If you use lmgtfy.com to search for the text "Let me Google that for you," do you cause a vortex that makes the universe implode?

Let's find out! Click here*.


*Disclaimer:
JamieLaing.com and it's affiliates are not responsible for unintentional merge with universal singularity. Also not responsible if, in that singularity, you experience the rest of eternity within the scalding husk of a robot in hell, or get bored sitting in heaven, an endless hall-of-mirrors ride where you are forced to listen to Roddy McDowall forever.

Thursday, February 04, 2010

New England Journal of Medicine Study Finds Cognition in Vegetative Patients - WSJ.com

New England Journal of Medicine Study Finds Cognition in Vegetative Patients - WSJ.com:
"Study Finds Cognition in Vegetative Patients"

This is amazing and, I think, reinforces what I said about pattern matching and sentience a couple of posts ago.

It's also tragic and horrifying, being trapped in your own body all this time, aware but unable to communicate.

Reader, you have much to be thankful for.

Tuesday, February 02, 2010

Transparent, nanowire based touch screen

Sensitive enough to detect your breath? That's sensitive. (More)

And look, it's made in Portugal.

Pattern matching and sentience

We are pattern matching machines, like all creatures that hunt or evade. That's a big group. In fact, I can't think of a creature that doesn't engage in one of those two activities. Even a significant number of plants hunt or evade, and while those behaviors are simplistic and devoid of neural activity, they still involve pattern matching at the chemical level.

So, the activity is out there, and it's a major part of the business of being alive. We humans are exceptionally adept pattern matchers. We love the activity. When you look at stars and see the shapes of animals or Greek gods, you're engaged in pattern matching, and your appreciation of art and music are based on it as well.

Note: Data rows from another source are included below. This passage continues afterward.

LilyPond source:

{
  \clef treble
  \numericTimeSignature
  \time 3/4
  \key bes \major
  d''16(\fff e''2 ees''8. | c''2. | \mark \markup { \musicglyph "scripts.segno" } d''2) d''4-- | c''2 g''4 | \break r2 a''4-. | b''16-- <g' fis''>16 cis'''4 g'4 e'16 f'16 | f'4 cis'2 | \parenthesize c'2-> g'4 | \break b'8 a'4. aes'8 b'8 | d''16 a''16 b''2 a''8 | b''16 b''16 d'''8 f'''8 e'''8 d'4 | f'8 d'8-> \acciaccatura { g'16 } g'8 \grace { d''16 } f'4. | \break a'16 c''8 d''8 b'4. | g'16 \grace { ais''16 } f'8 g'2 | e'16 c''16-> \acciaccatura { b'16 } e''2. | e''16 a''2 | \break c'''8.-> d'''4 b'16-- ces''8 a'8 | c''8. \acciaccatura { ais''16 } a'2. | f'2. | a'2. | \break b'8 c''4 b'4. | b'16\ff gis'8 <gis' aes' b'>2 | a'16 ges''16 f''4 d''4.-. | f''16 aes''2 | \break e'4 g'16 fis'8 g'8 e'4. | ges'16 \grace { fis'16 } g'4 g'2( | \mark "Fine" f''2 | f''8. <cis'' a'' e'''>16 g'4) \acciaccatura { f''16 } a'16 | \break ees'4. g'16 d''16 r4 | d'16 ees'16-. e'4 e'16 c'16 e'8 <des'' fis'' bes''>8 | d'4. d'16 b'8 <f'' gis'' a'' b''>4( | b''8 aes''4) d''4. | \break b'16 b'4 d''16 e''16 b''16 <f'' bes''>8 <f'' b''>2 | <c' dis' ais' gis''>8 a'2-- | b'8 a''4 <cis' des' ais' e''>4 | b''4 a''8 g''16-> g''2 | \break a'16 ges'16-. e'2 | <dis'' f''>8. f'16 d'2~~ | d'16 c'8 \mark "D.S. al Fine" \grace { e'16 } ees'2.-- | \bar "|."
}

As sentient creatures, we are isolated, having little or no contact with similarly gifted creatures as we poke about our planet and the surrounding area. Sure, there are gorillas that can use sign language and some other mammals may approach self awareness, but those cases are not clear cut. The isolation we therefore suffer makes it easy for us to distort our perception of ourselves until we think pattern matching is a sentient only behavior. We need to be mindful of this mistake, as it only strengthens the gulf we already feel between ourselves and the rest of nature, and reinforces our overall smug attitude as a species.

Monday, January 18, 2010

China, Freedom, and Google

When I see articles like this one about Google's potential decision to lift the censorship of search results in China, I get a feeling of real hope. It almost makes one believe all the dreams we bandied about during the goofy days when the internet was young and anything seemed possible.

What I really like is the idea that Chinese people are gathering at Google's offices in Beijing to demostrate support. That's fantastic!

Could it be that totalitarianism is actually impractical in an age of information?